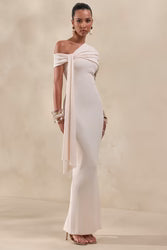 CL13786600106_ECM_HR_CL137866111---Esalina-_-Cream-Asymmetric-Neck-Maxi-Dress-With-Sash0.avif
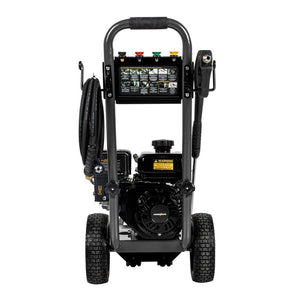 BE Power B3475PX 3,400 PSI 2.5 GPM Cold Water Gas Pressure Washer back view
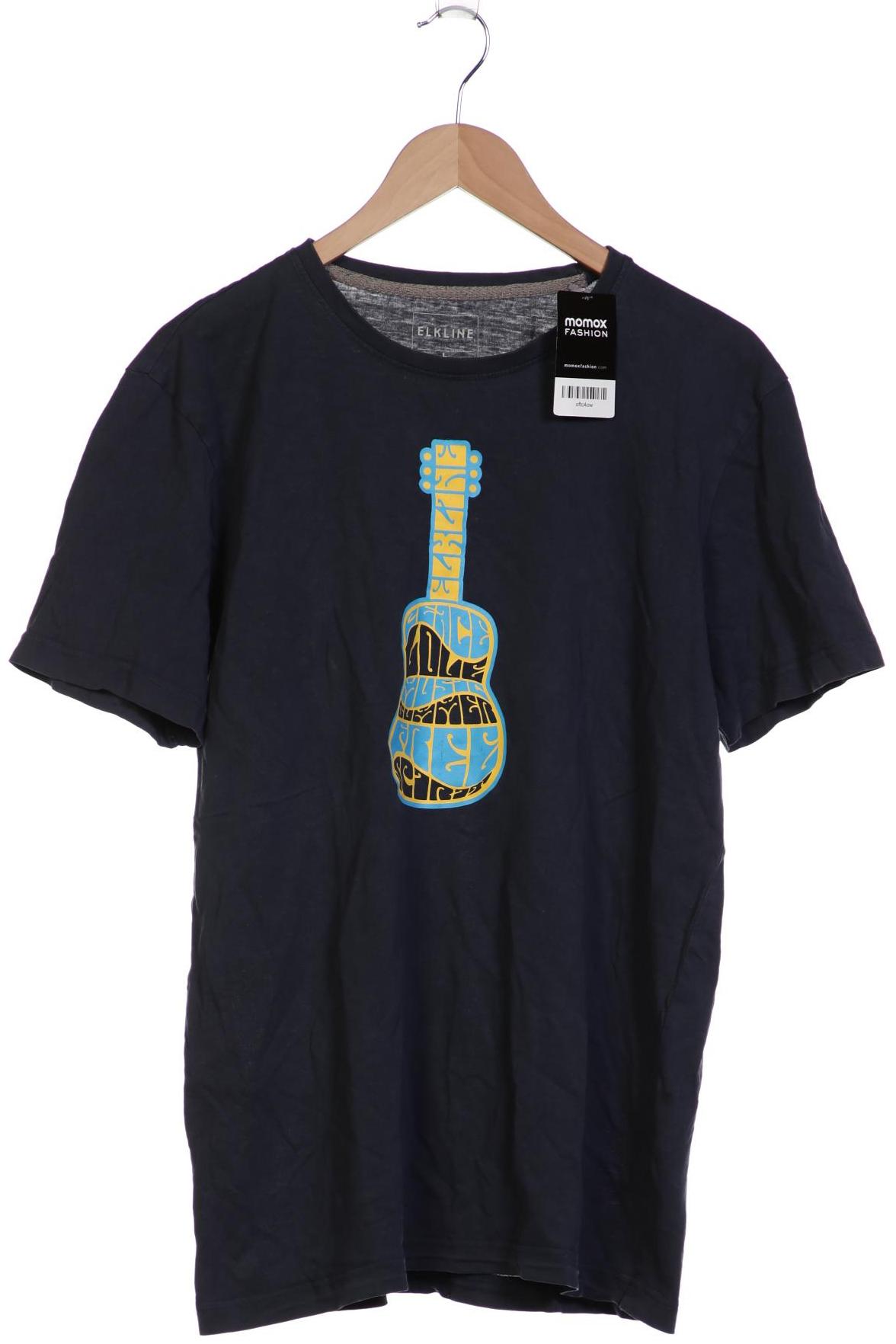 Thumbnail - elkline Herren T-Shirt, marineblau, Gr. 52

* **Goal of the exercise**:
Retype, word for word, the line containing "BE Power B3475PX" and each line after it through the end of the data, leaving any picture out.

* **Solution**:
 BE Power B3475PX 3,400 PSI 2.5 GPM Cold Water Gas Pressure Washer back view
 Thumbnail - elkline Herren T-Shirt, marineblau, Gr. 52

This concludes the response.